▼

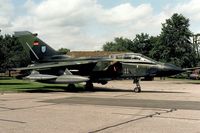 44 25 @ EGXW - JaboG38 PA200 IDS at RAF Waddington in August 1986 - by Friedrich Becker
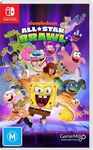 [Switch] Nickelodeon All-Star Brawl - $20 (71% off) + Delivery ($0 with Prime/ $39 Spend) @ Amazon AU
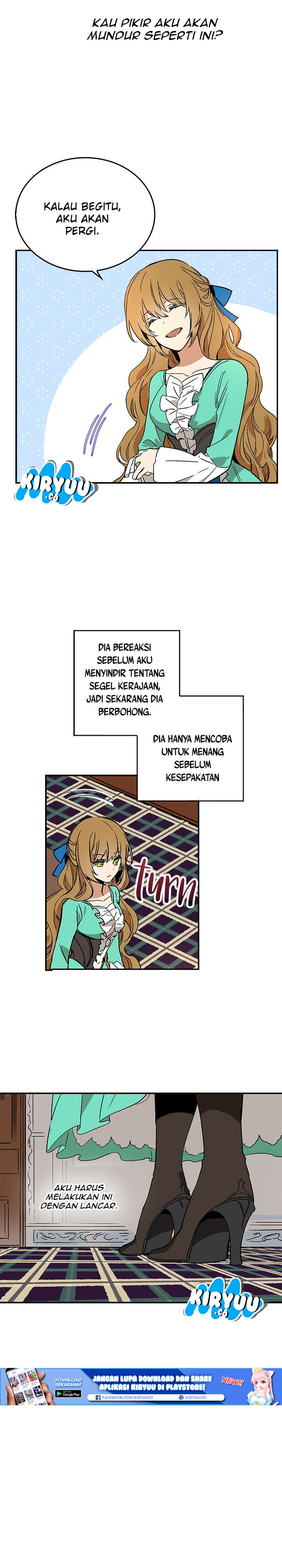 The Reason Why Raeliana Ended up at the Duke’s Mansion Chap 6 - Next Chap 7
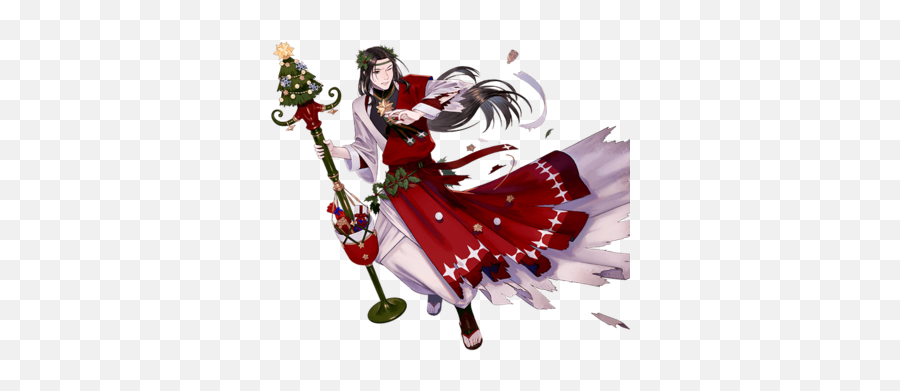 Winter Sephiran Builds And Best Ivs Fire Emblem Heroes - Fire Emblem Christmas Skins Png,Yulgang Icon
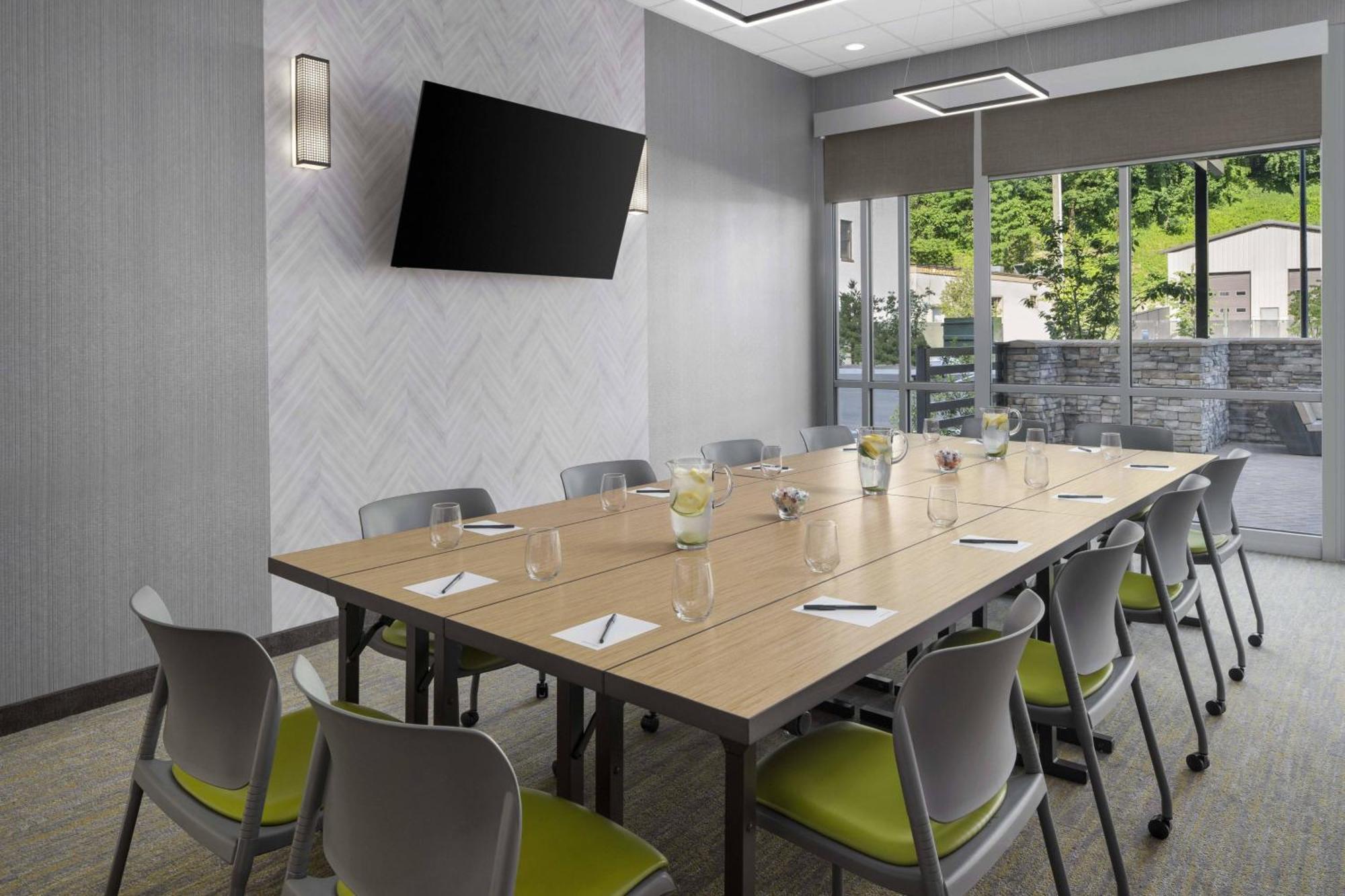 Springhill Suites By Marriott Tuckahoe  Экстерьер фото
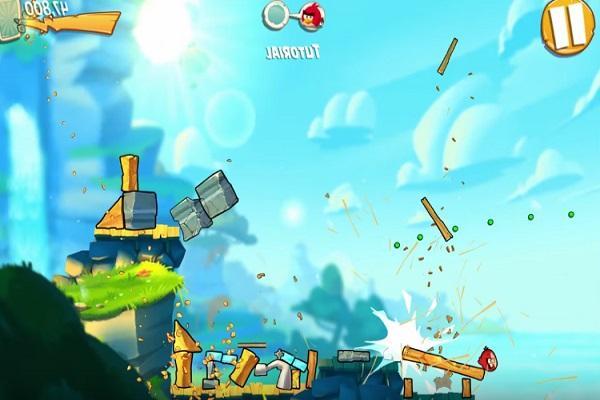 New Guide for Angry Birds 2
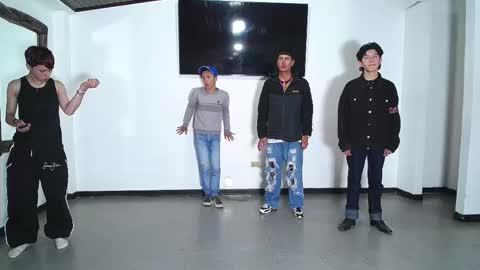 THOMAS AND DAMIAND online show from 10.27.25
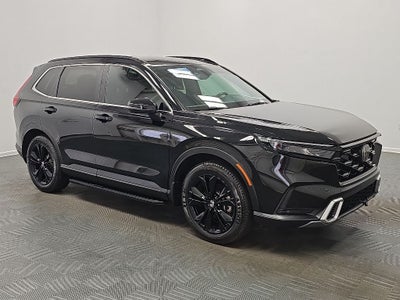 2023 Honda CR-V Hybrid Sport Touring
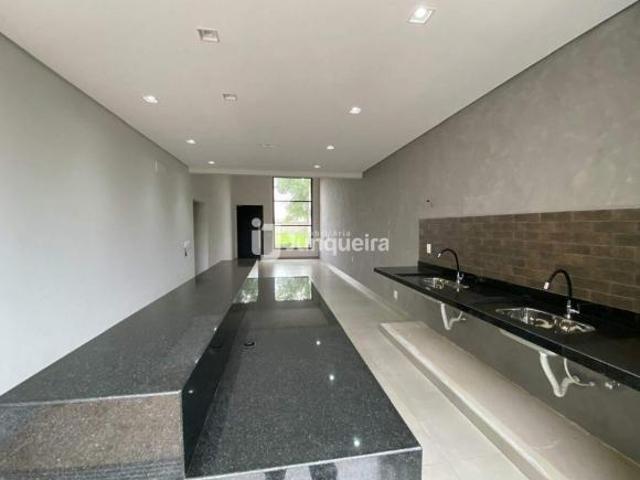 Casa em Condomínio à venda, 3 quartos, 1 suíte, 2 vagas, Condomínio Reserva Jardins Piracicaba/SP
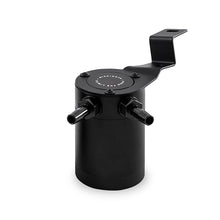 Load image into Gallery viewer, Mishimoto MMBCC-WRX-15PBE Subaru WRX Baffled Oil Catch Can, PVC Side, 2015-2016 for Select Subaru WRX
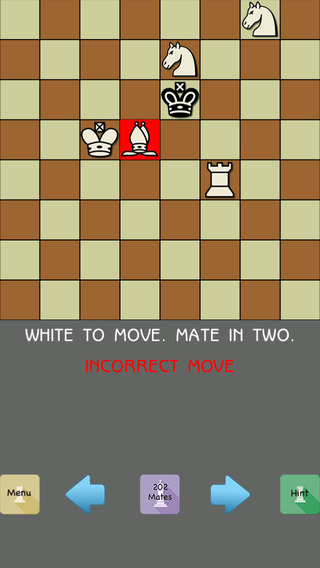 免費下載遊戲APP|202 Chess Mate in TWO - 101 Chess Puzzles FREE app開箱文|APP開箱王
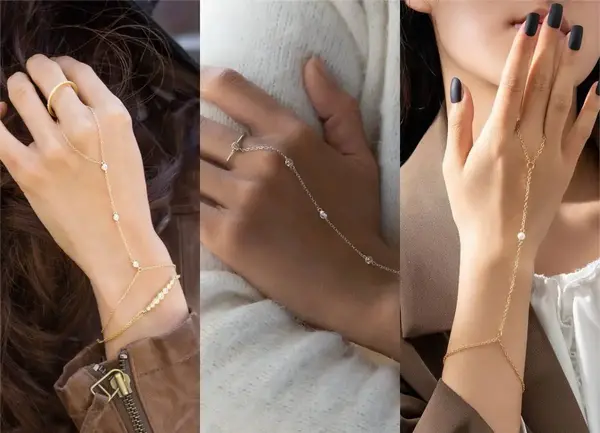 عکس تمیمه طلا زنانه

▲

### EXERCISE PROMPT
This task calls for the listing to be restated exactly, with images omitted.

### RESULT OF THE TASK
 44 25 @ EGXW - JaboG38 PA200 IDS at RAF Waddington in August 1986 - by Friedrich Becker
 [Switch] Nickelodeon All-Star Brawl - $20 (71% off) + Delivery ($0 with Prime/ $39 Spend) @ Amazon AU
 The Reason Why Raeliana Ended up at the Duke’s Mansion Chap 6 - Next Chap 7
 Winter Sephiran Builds And Best Ivs Fire Emblem Heroes - Fire Emblem Christmas Skins Png,Yulgang Icon
 Springhill Suites By Marriott Tuckahoe  Экстерьер фото
 New Guide for Angry Birds 2
 THOMAS AND DAMIAND online show from 10.27.25
 2023 Honda CR-V Hybrid Sport Touring
 Casa em Condomínio à venda, 3 quartos, 1 suíte, 2 vagas, Condomínio Reserva Jardins Piracicaba/SP
 Load image into Gallery viewer, Mishimoto MMBCC-WRX-15PBE Subaru WRX Baffled Oil Catch Can, PVC Side, 2015-2016 for Select Subaru WRX
 免費下載遊戲APP|202 Chess Mate in TWO - 101 Chess Puzzles FREE app開箱文|APP開箱王
 عکس تمیمه طلا زنانه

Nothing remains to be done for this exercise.